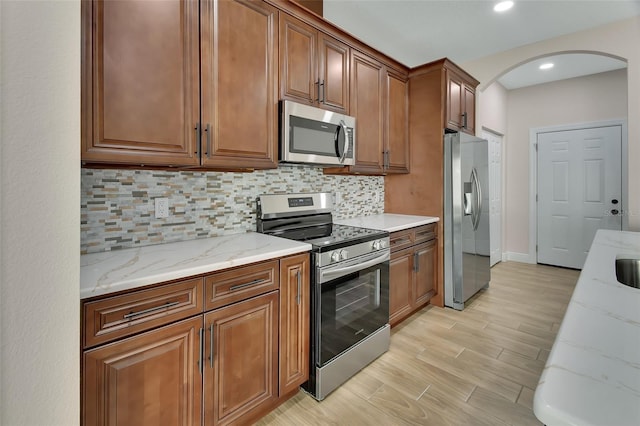 kitchen with light stone countertops, appliances with stainless steel finishes, backsplash, and light hardwood / wood-style flooring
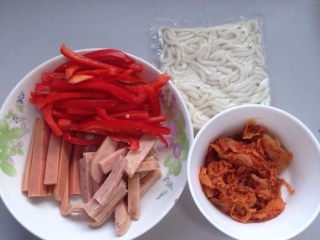 辣白菜乌冬面,备料：红椒切丝，火腿肠切条，午餐肉切条。辣白菜弄出来放碗里，备用！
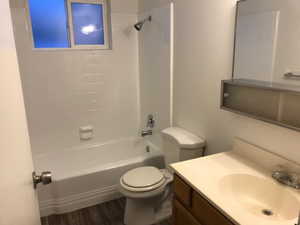 Garden level full bath with a vanity and either laminate or vinyl flooring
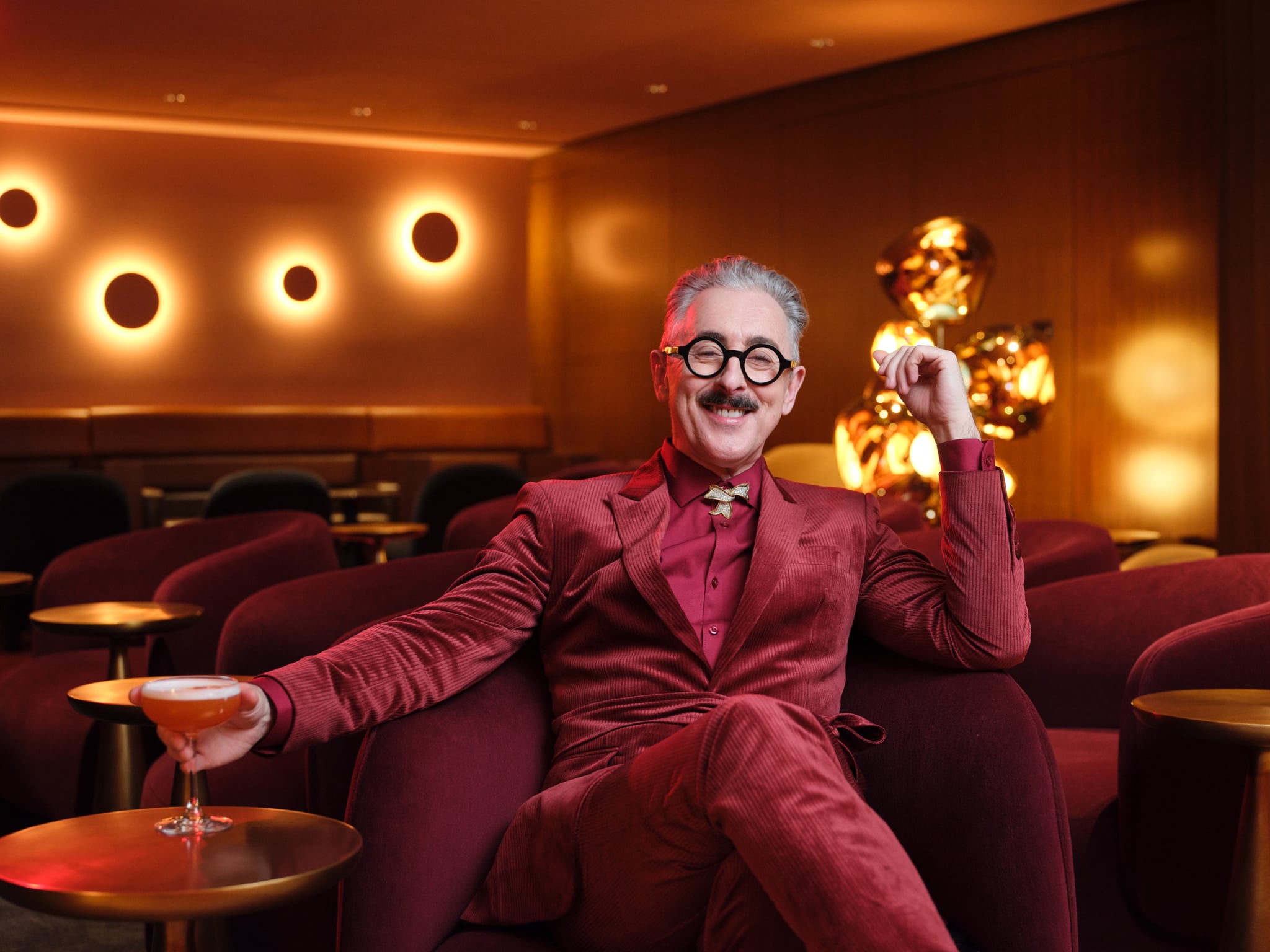 Alan Cumming sitting in a Virgin Atlantic Clubhouse lounge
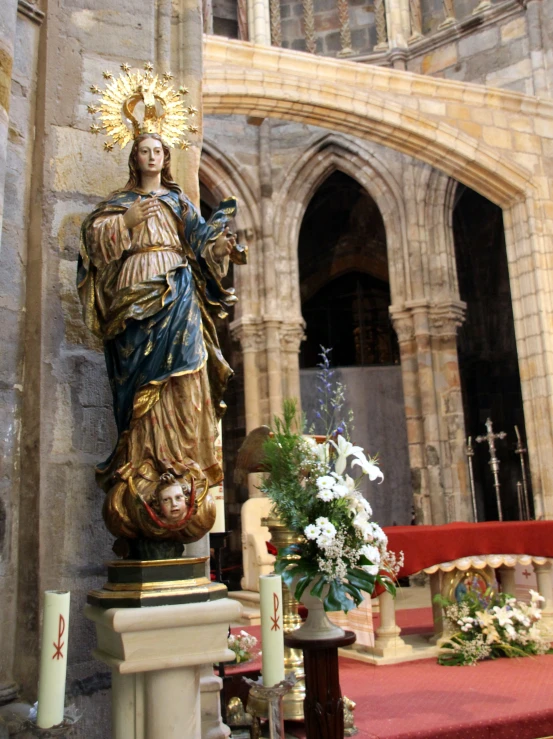 a statue in a stone church that has roses in vases and an open window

********************

**Task item:** Copy back, word for word, every line between the top of the material above and the line that contains "Alan Cumming sitting", both included, without any pictures.

**Response to this exercise:**
 kitchen with light stone countertops, appliances with stainless steel finishes, backsplash, and light hardwood / wood-style flooring
 辣白菜乌冬面,备料：红椒切丝，火腿肠切条，午餐肉切条。辣白菜弄出来放碗里，备用！
 Garden level full bath with a vanity and either laminate or vinyl flooring
 Alan Cumming sitting in a Virgin Atlantic Clubhouse lounge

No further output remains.